1. Introduction
Unreinforced masonry is one of representative structural systems for buildings that have been damaged severely in most major earthquakes worldwide. Recently, two major earthquakes occurred in Gyeongju and Pohang, respectively, located in South Korea caused significant damage to many buildings although those earthquakes have a moderate level of local magnitude, 5.8 and 5.4, respectively. Unexceptionally, bearing walls in unreinforced masonry buildings and external masonry veneers were reported as building components damaged the most significantly in the two earthquakes.

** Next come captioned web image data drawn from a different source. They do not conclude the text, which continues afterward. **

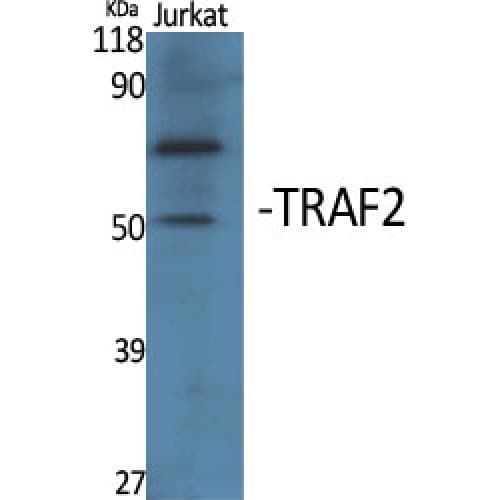 Polyclonal Rabbit anti-Human TRAF2 Antibody (Internal, IHC, WB)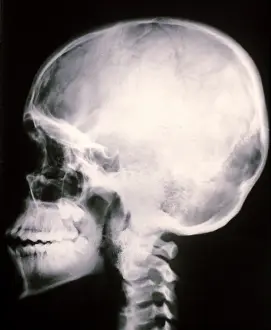Cord Prints: Human Skull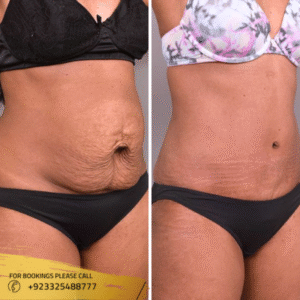 tummy-tuck-in-islamabad-pakistan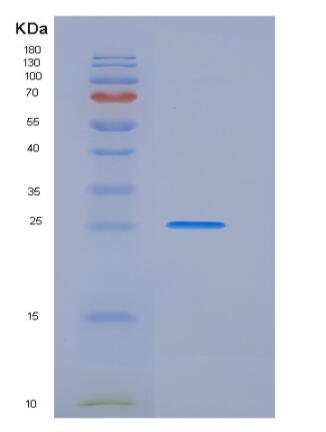 Recombinant Rat PRLR / Prolactin receptor Protein (His tag)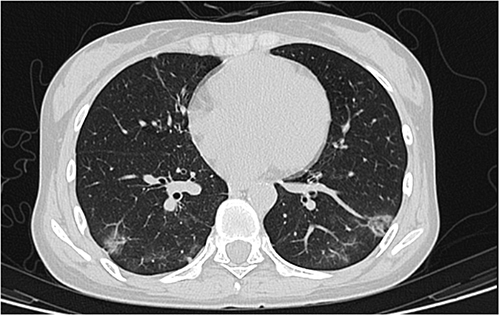 Figure 2 CT scan showed a thin ground-glass density shadow in both lungs, but it was slightly smaller than in previous scans.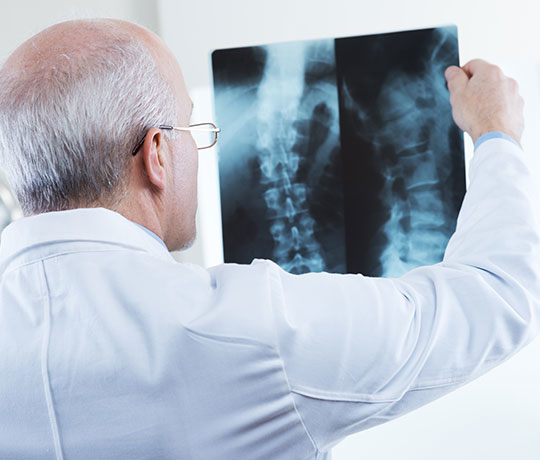 Physician looking at x-ray of a spine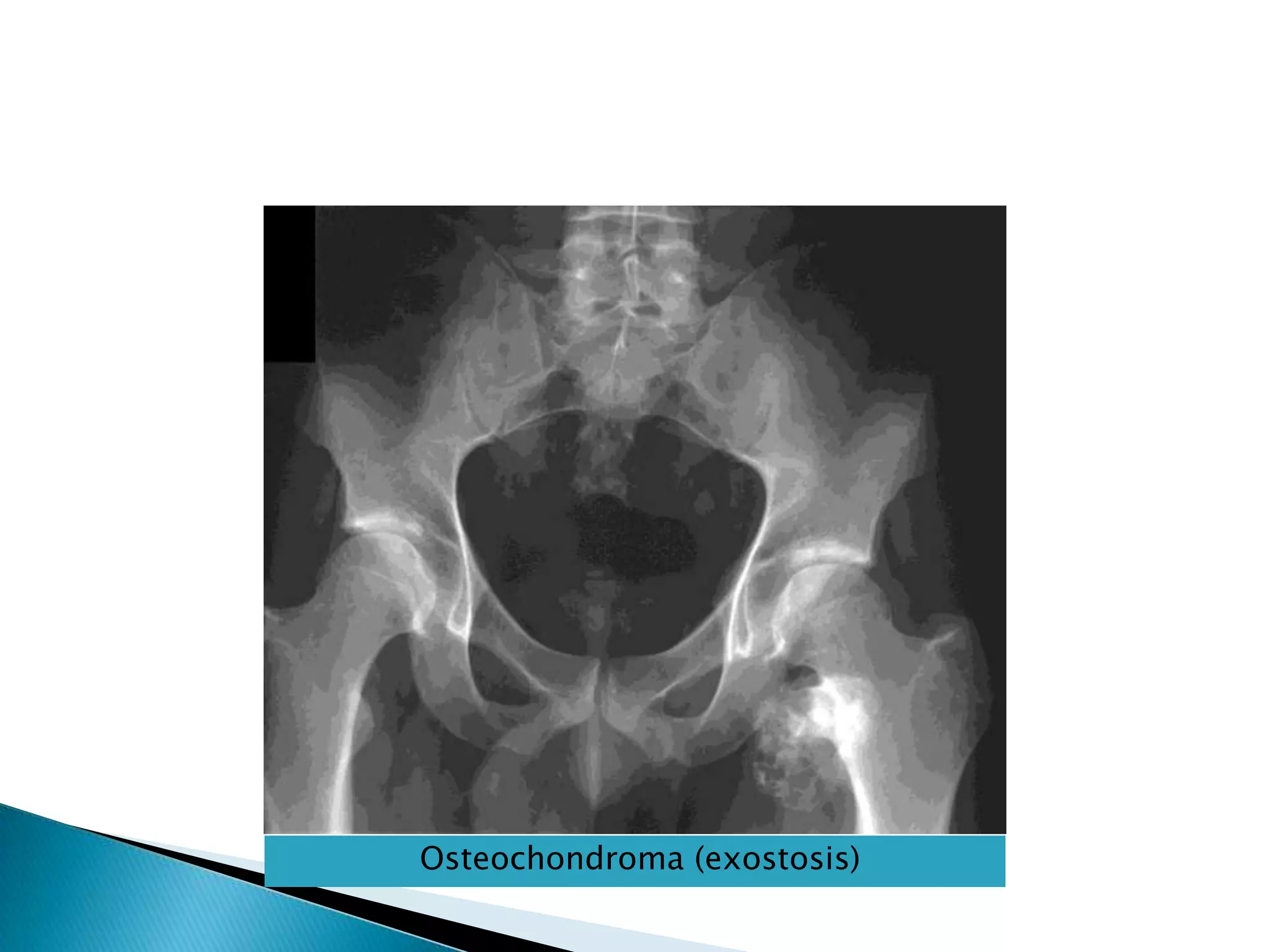 Osteochondroma (exostosis)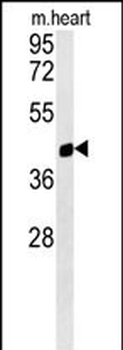 PTGR1 Antibody (Center)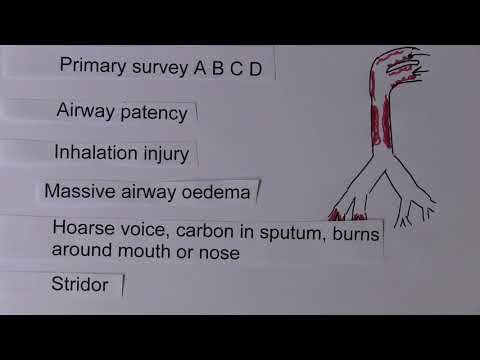 Burns 9, Systemic effects - Airway and Breathing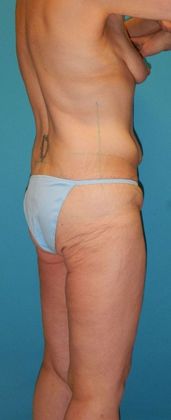 Before Image: Body Lifts: Case 2 - right-back-oblique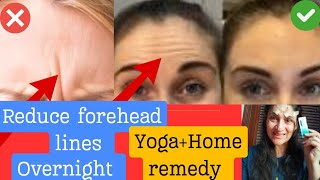 Smooth deep forehead lines over night  Inexpensive Home treatment [upl. by Tom844]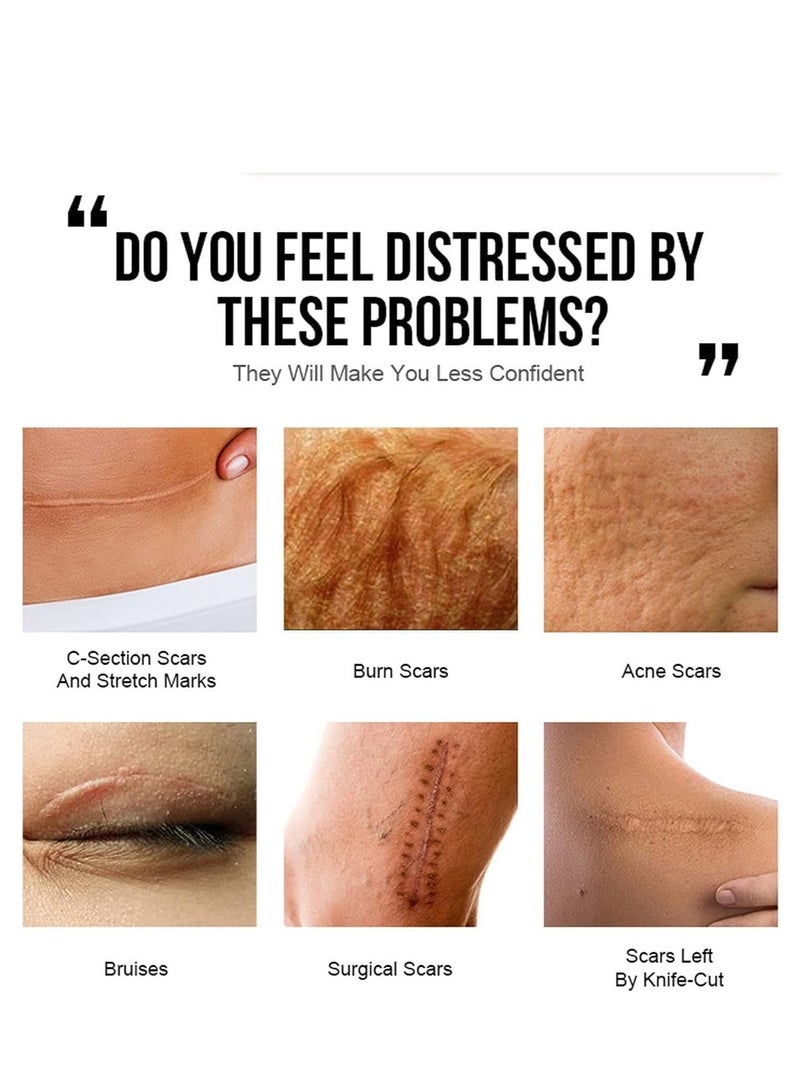 كريم الندبات كريم إزالة الندبات مناسب لتسريع شفاء الجروح والحروق والندبات غني بالمغذيات لإصلاح ألياف الكولاجين المرنة التالفة وإزالة الندبات - Image 2
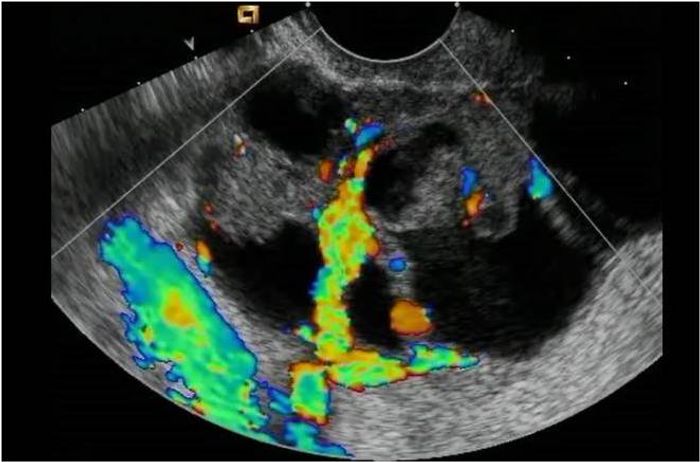 Ultrasound of ovarian cancer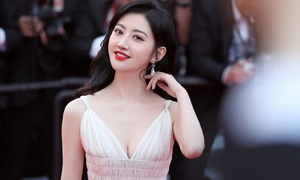 Canh Diem tung gap bien chung sau phau thuat cat mi mat hinh anh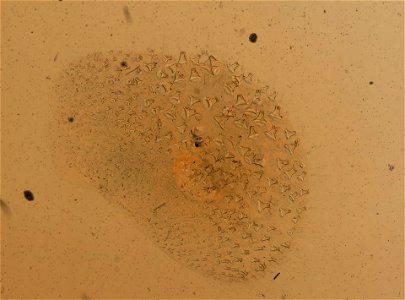 PRESERVED_SPECIMEN; ; ; microslide; IZ number 96987; lot count 1; Microslide 01, glycerin, parapodia; Microslide 01, glycerin, elytra; other number 31;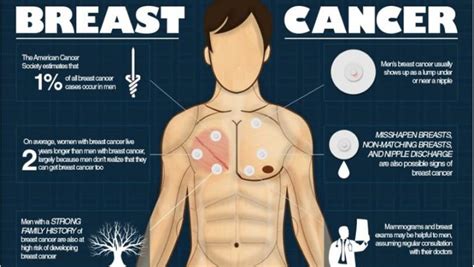 Breast Cancer In Men Rare But Still Gets Diagnosed Nabj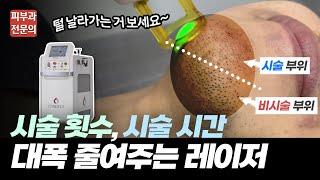 남자 제모 1등! 젠틀맥스 프로 플러스 | 수염 가슴 다리 등 부위별 제모 영상 공개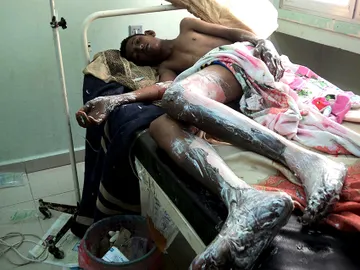Un herido en la explosión en Yemen Un herido en la explosión en Yemen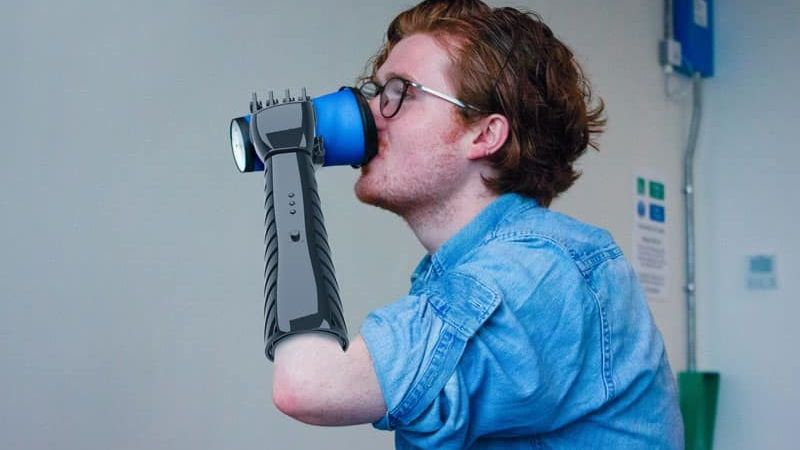 3D printed prosthetic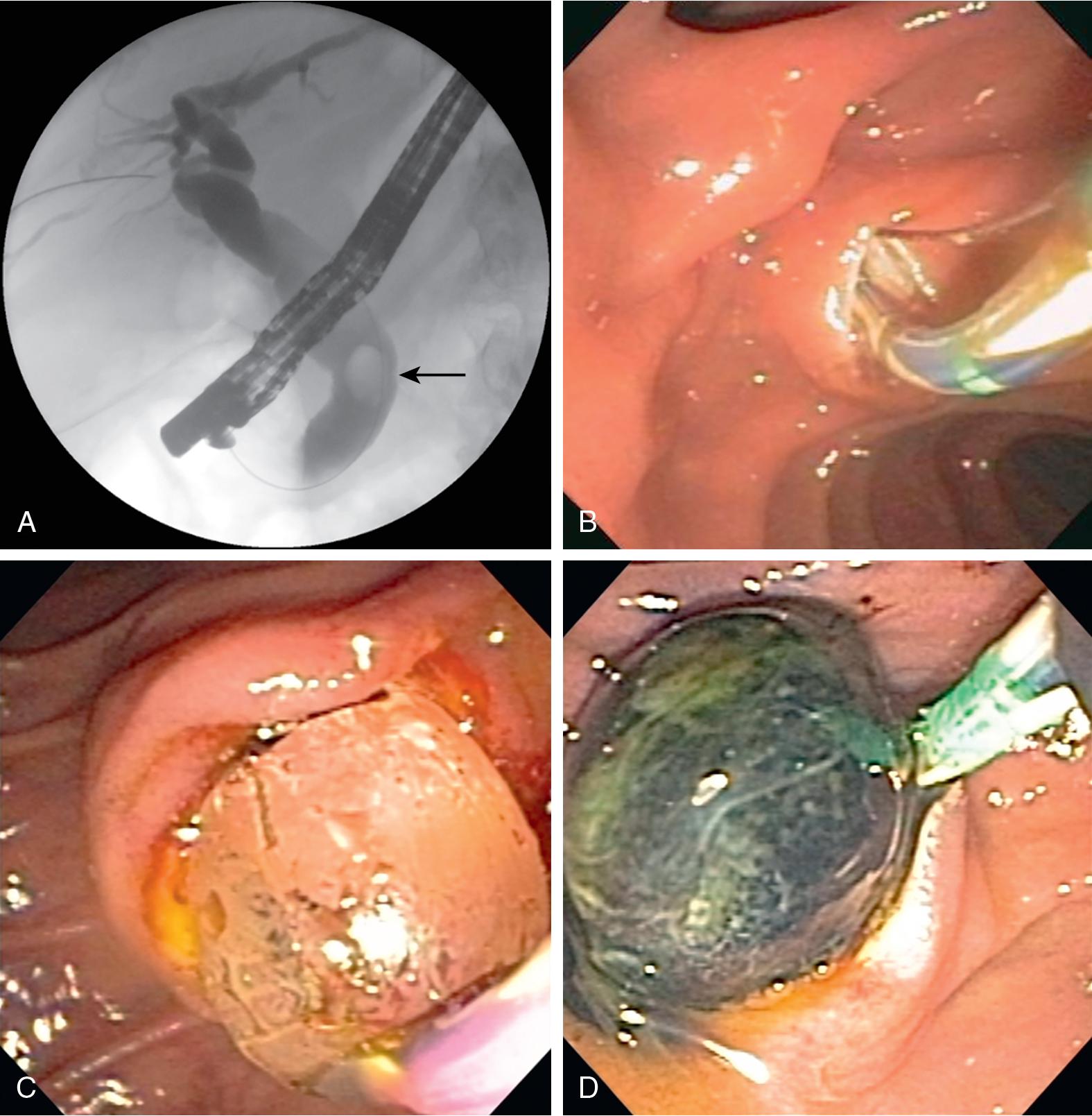 FIGURE 30.2, Endoscopic management of choledocholithiasis.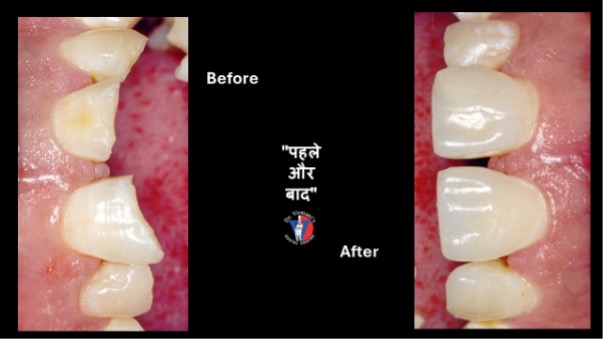 Case Done By Dr Y K Virmani more than 15 years back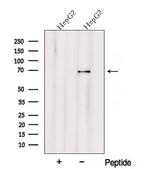 VPS33A Polyclonal Antibody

The mechanical property of masonry is difficult to predict because masonry is composed of different materials, i.e., masonry units and type or material of joint, and strongly influenced by workmanship strongly [
1]. In particular, masonry units have different dimensions and shapes and are made of diverse materials, such as adobe and concrete. Masonry walls also fail in diverse modes such as diagonal cracking, horizontal sliding, rocking, and corner crushing. The mechanical characteristics of masonry have been investigated through experimental works by many researchers. One of the representative reasons for this is that the mechanical characteristics of masonry are considerably influenced by local materials. Narrowing down the scope of the literature to the Korean masonry materials, the following research works are available in the literature. Yu and Kwon (2011) [
2] compared mechanical characteristics of masonry prisms produced using either cement or lime for joint mortar based on compression and diagonal tension tests. Kim et al. (2001) [
3] performed compression and diagonal tension tests for the masonry prisms produced using joint mortar with various mixing ratios, and proposed empirical equations for the compressive strength of joint mortar and elastic modulus of masonry prisms. Yang et al. (2019) [
4] proposed a shear stress–strain relationship through diagonal tension tests of masonry prisms for numerical analysis of masonry walls.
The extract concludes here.